DOI QR코드

DOI QR Code

KG_VCR: A Visual Commonsense Reasoning Model Using Knowledge Graph

KG_VCR: 지식 그래프를 이용하는 영상 기반 상식 추론 모델

  • Received : 2019.12.20
  • Accepted : 2020.02.17
  • Published : 2020.03.31

Abstract

Unlike the existing Visual Question Answering(VQA) problems, the new Visual Commonsense Reasoning(VCR) problems require deep common sense reasoning for answering questions: recognizing specific relationship between two objects in the image, presenting the rationale of the answer. In this paper, we propose a novel deep neural network model, KG_VCR, for VCR problems. In addition to make use of visual relations and contextual information between objects extracted from input data (images, natural language questions, and response lists), the KG_VCR also utilizes commonsense knowledge embedding extracted from an external knowledge base called ConceptNet.
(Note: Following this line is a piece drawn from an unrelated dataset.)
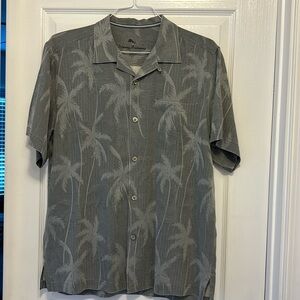 Tommy Bahama Men Shirt. Size Medium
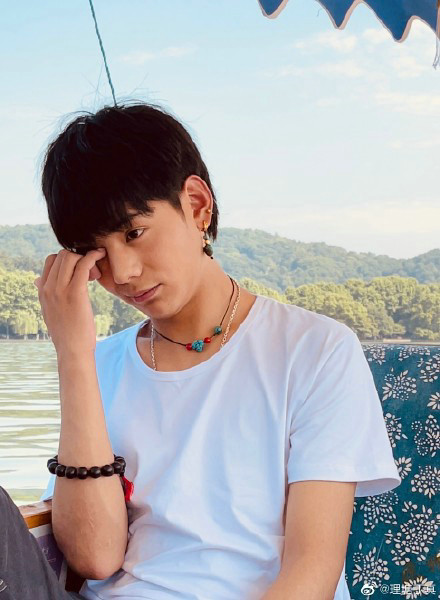 丁真白t造型游西湖撑油纸伞清爽帅气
Specifically the proposed model employs a Graph Convolutional Neural Network(GCN) module to obtain commonsense knowledge embedding from the retrieved ConceptNet knowledge graph. By conducting a series of experiments with the VCR benchmark dataset, we show that the proposed KG_VCR model outperforms both the state of the art(SOTA) VQA model and the R2C VCR model.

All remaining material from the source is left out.